Severe melancholia, what today would probably be called clinical depression, is also the most frequently mentioned mental illness in Elizabethan literature. It was classified among other types of mental illness of its time, like mania, phrenitis, frenzy, lunacy and demoniacal possessions. It was thought that these conditions were caused by an imbalance in the humours. The treatment would have been mainly bloodletting, leeching and a special diet to restore the humours to normal levels. Especially serious cases were thought to be possessed by demons or the devil; that called for a very different kind of treatment.
In Shakespeare’s day, only very wealthy people could afford a doctor and the medicines or treatments he would recommend.
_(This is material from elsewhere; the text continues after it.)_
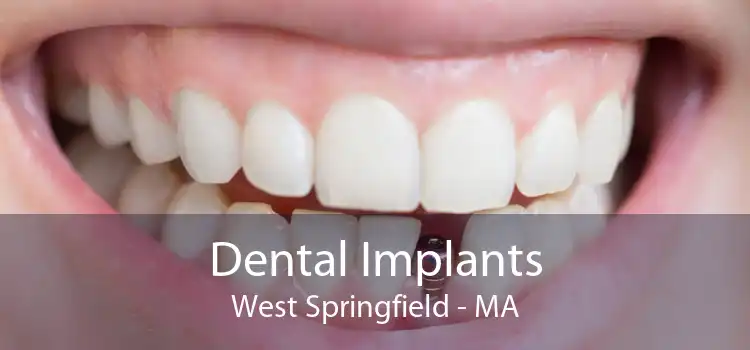 Dental Implants West Springfield - MA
Most people would have relied on traditional remedies made out of what they could pick in the forest or grow themselves. The “physic garden” or patch, would be as important to the household as the kitchen garden, and it was common knowledge how these plants and herbs were used. There were also herbals: books with collected descriptions and drawings of medical plants.
Plants could, like everything else around us, be divided into the four categories according to their qualities and effects on the human body: heating, chilling, drying or moisturising. Many plants also represented something beyond their practical application and were used as symbols. Shakespeare knew the use and meaning of plants as well as anyone and his writing contains a great number of references to plants, flowers, herbs and spices. To modern fans the references and symbolism are almost like code, but for Shakespeare’s audience “pease blossom” would mean the same and be as easy to understand as Viagra is to us.
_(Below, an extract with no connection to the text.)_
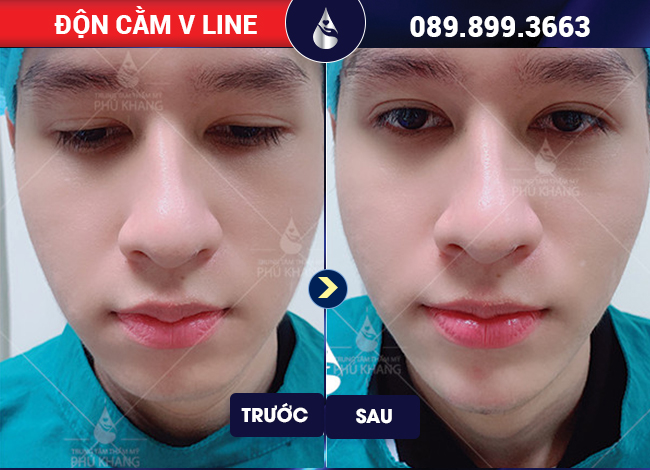 tiêm filler cằm V line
In Ophelia’s last scene in Hamlet she comes on stage with her arms full of flowers. Each one of them a symbol, carrying a message to the person she hands it to.
“There’s rosemary, that’s for remembrance.
Pray you, love, remember.
And there is pansies, that’s for thoughts…
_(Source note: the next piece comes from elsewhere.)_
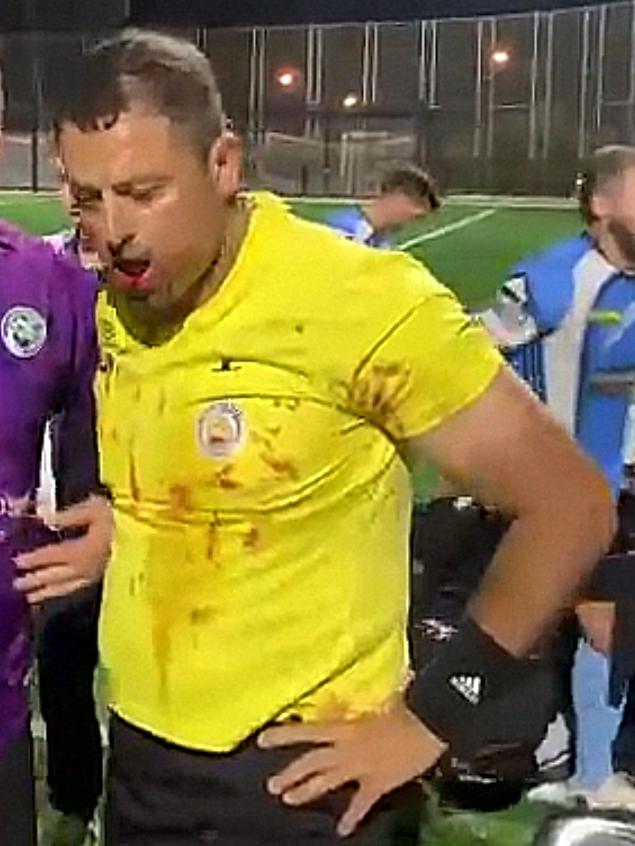 Referee Khodr Yaghi jaw was broken in the attack. Picture: video screengrab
There’s fennel for you, and columbines.
There’s rue for you, and here’s some for me.
We may call it “herb of grace” o’ Sundays.
– Oh, you must wear your rue with a difference.
There’s a daisy. I would give you some violets,
But they withered all when my father died.”
(Hamlet, Act IV, Scene V)
Spices, herbs and flowers could also be used to make poisons rather than potions. Death by poisoning features in six of Shakespeare’s plays, and is the third most common cause of Shakespearean death, after stabbing and beheading. In act V, Hamlet, Claudius, Laertes and Queen Gertrude are all poisoned, and Hamlet’s father was of course murdered by the dripping of poison in his ear before the play even begins. This is how Laertes prepares to revenge his father’s murder in a duel with Hamlet.
“I will do’t:
And for that purpose I’ll anoint my sword.
I bought an unction of a mountebank,
So mortal that, but dip a knife in it,
Where it draws blood no cataplasm so rare,
Collected from all simples that have virtue
Under the moon, can save the thing from death
That is but scratched withal: I’ll touch my point
With this contagion, that if I gall him slightly,
It may be death.”
(Hamlet, act IV, scene VII)
The black bile was connected to the element earth, and the word “earth” is mentioned a lot in Hamlet. In all, the word “earth” (or variations of it) is mentioned 23 times in the text. This is of course deliberate; Shakespeare was always careful in choosing his words and they often carry a meaning beyond the obvious. Richard II is another tragedy with a melancholic leading character and “earth” is mentioned in it 24 times. The word is quite rare in Shakespeare’s writing otherwise: in The Taming of the Shrew, a play without melancholics, the word is only used once. This repeating of “earth” constantly reminds us of the underlying theme of the play.
“Something is rotten in the state of Denmark”
(Hamlet, Act I, Scene IV)
And that is what’s causing this tragedy. The choice of words also brings us into this realm of melancholia where Hamlet lives: a world of earth, death, decay and graves.
Nelly is a Visitor Experience Assistant at Wellcome Collection.